Outdated rules and overzealous regulators mean kids can't use Path. Stop COPPA!
Via: path.com
The Federal Trade Commission levied a $800,000 fine on the social networking service Path Friday morning for having, among other things, permitted children to use the service, a small social network meant for friends and family.
"Early in Path's history, children under the age of 13 were able to sign up for accounts," the company wrote on its blog. "A very small number of affected accounts have since been closed by Path."
My first reaction was to hurriedly open the app on my iPhone where I found, to my relief, that my 9-year old son's account remained active. My son's picture of his grandfather holding a McDonald's bag ("Doom has befall us!") and his image of his little brother face down in a laundry bin ("'helping' with the laundry") were still there; as were dozens of messages he's exchanged with his old babysitter; his typos and double-posts and occasional errors of tone or content that you make when you're a kid learning something new.
The something new in this case is a basic skill in 2012: Operating responsibly on the social web. Path is an amazing teaching tool for that skill, because it's built for family and close friends. Children who come to the social web through Path learn an obvious lesson that eludes adults on Facebook every day: This is the real world. The people you interact with are real people, some of whom you know. Your words will have consequences in your real life — delighting and amusing your family, mostly; drawing the occasional scolding. Pretty much like being a nine-year-old IRL.
Path was created by Dave Morin, a former Facebook executive, and it's a reaction against Facebook's busy page and its insistent pressure to share more and more widely. Path's interface is intuitive and lovely, a simple, linear scroll. It has BuzzFeed-style buttons for emotional reactions, an understated new search feature, and little else. It doesn't push you to befriend strangers, and doesn't make you easy for acquaintances to find. It doesn't, unlike Twitter (where my son also has a now-dormant, illicit account), send porn-bots your way. I use it only for people who want to see lots of pictures of my kids, and whose kids I want to see — blood relatives only, pretty much. The popularity of the Unbaby.me extension for Facebook alone illustrates the logic of the service.
Also: This perfect primer on the social web is a violation of federal law. Even though it is, to me at least, one of the things that makes Path so vital to my life, the company is terrified of talking about it. The company's spokeswoman, Amy Swanson, was initially reluctant to talk to me at all when I told her I was working on a (celebratory!) story on how great the service is for kids. When she finally agreed to talk, she began by cutting me off:
"Clearly you have a son or a daughter who is under 13 — but please don't tell me any more than that before I can explain a few things," she said. Had I told her the name of my son, or my 7-year-old daughter, who is also on the service, she would have been bound to delete their accounts.
"If you are under 13 you can't be on" Path, she said, citing the immense technical challenge of implementing federal standards for services aimed at kids. "We are too small of a start-up for us to put that in place."
"Facebook doesn't even do that yet," she noted.

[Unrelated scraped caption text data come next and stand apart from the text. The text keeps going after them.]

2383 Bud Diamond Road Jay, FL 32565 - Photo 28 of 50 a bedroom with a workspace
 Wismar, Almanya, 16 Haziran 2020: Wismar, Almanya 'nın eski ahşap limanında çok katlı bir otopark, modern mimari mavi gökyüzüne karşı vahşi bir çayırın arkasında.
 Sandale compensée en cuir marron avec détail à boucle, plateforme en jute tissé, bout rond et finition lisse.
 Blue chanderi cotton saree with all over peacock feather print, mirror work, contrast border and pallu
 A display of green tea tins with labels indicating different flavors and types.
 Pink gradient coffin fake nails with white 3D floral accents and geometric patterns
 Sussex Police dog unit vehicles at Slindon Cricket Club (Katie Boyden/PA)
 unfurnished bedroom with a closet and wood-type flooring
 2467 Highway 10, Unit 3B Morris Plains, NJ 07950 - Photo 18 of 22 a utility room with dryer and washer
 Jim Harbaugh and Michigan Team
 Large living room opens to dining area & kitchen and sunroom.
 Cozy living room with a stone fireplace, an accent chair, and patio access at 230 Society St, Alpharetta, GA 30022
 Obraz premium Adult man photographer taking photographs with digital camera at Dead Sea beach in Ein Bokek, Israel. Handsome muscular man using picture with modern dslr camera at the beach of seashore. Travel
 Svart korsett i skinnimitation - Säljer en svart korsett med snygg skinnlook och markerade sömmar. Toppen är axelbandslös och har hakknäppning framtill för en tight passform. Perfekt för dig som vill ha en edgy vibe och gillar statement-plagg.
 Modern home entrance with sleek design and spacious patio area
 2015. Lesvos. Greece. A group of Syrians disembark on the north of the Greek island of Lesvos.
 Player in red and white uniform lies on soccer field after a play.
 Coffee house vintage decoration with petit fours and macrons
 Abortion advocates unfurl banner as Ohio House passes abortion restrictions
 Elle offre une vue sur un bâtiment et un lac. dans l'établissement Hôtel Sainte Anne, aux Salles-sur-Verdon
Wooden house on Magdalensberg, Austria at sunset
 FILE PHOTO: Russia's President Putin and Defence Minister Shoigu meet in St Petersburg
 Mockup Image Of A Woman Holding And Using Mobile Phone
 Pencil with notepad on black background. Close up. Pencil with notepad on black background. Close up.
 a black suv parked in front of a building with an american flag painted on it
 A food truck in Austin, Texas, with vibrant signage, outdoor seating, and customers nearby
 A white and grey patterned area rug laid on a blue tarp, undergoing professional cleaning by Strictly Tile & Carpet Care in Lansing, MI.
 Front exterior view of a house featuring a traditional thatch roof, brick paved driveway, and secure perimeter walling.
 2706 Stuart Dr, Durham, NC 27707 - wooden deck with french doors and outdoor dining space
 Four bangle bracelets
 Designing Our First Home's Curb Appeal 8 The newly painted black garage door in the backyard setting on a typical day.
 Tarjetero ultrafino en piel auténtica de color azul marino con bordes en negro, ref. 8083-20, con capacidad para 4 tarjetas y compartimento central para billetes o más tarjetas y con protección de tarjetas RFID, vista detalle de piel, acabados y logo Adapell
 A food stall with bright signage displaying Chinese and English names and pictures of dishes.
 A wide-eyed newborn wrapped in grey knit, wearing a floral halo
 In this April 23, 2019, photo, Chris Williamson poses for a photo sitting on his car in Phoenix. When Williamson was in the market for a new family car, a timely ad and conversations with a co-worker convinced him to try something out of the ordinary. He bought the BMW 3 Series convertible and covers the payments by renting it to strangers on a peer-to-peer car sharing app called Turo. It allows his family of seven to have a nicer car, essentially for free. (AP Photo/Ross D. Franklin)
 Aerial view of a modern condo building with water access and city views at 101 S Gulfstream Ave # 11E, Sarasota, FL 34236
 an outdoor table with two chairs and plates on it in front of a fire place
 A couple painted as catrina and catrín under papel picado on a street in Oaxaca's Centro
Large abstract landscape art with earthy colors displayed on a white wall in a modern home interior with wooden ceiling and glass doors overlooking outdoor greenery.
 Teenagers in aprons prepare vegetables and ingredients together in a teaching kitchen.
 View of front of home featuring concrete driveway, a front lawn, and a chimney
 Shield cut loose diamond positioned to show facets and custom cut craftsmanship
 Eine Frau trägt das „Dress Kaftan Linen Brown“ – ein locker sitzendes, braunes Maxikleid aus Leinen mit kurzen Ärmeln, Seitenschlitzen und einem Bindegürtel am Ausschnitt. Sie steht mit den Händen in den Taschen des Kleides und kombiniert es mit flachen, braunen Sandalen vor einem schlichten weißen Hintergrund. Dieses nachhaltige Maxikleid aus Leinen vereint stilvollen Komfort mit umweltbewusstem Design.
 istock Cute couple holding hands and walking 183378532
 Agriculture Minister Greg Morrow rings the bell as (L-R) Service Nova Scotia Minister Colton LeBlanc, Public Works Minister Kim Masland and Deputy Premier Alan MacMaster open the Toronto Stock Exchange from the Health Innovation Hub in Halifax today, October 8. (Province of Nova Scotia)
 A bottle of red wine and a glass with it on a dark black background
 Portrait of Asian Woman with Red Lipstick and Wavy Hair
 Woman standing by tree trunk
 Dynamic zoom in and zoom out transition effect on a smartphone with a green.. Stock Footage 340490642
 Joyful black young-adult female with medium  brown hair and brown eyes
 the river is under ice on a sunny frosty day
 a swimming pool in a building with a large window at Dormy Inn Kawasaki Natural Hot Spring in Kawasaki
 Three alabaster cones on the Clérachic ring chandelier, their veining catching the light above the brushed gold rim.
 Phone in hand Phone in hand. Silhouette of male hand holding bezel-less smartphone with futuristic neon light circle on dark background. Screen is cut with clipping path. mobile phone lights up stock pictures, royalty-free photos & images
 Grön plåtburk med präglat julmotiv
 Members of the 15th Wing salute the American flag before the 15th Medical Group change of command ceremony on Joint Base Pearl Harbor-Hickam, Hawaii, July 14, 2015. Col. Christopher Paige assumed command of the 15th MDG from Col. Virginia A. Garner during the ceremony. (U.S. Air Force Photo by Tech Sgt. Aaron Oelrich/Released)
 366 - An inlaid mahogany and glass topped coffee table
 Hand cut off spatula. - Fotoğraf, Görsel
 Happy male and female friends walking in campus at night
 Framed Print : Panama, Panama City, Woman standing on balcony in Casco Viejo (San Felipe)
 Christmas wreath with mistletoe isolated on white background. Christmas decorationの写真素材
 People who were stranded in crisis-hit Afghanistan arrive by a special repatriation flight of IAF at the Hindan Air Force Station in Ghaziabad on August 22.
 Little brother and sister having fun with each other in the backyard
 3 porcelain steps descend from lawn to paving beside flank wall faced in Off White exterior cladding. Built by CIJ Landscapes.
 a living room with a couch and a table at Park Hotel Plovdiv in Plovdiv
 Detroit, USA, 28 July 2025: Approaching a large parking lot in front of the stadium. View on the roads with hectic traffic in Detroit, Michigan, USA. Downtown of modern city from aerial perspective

Swanson's comments, and her company's reluctance to talk about the issue, were shaped by the Children's Online Privacy Protection Act (COPPA), passed in the Neolithic year of 1998. That's also the legislation the Federal Trade Commission's ritual denunciation this morning relied on, blasting Path for, among other things, having "enabled children to create personal journals and upload, store and share photos, written 'thoughts,' their precise location, and the names of songs to which the child was listening."
How dare they?
Any 21st century parent knows that COPPA is outmoded beyond belief, and deeply counterproductive in its consequences.
Actual attempts to comply with it, like the kid-conceived and designed GromSocial, are mostly jokes. And it has the toxic side-effect of establishing lying (about one's age) as the first thing many kids do on the internet.
"Not only are kids lying about their age, but more often than not, parents teach them to lie about their age," a "social media researcher" warned the New York Times in 2011.
This also means that kids learn to communicate online almost solely from their peers, not their parents, in other forums. My son chats with his friends inside Minecraft, and checks out Minecraft forums where other kids ask for recommendations of Minecraft summer camps.
The most popular social network for kids, though, has to be Xbox Live, a kind of 4Chan gateway conversation where the talk revolves around violent killing and competitive one-upmanship inevitably spirals into abusive, profane language. Xbox Live has limited social functionality and requires parental consent for the creation of under-18 accounts. 13-and-under accounts are not officially allowed.
After I spoke to Swanson, I went home and ranted a bit to my kids about the absurd law that prevented a company from boasting of its truly fantastic service. My daughter listened patiently. My son had, however, already moved on.
"I don't really like Path that much anymore," he said. "I don't want to go online to talk to grown-ups."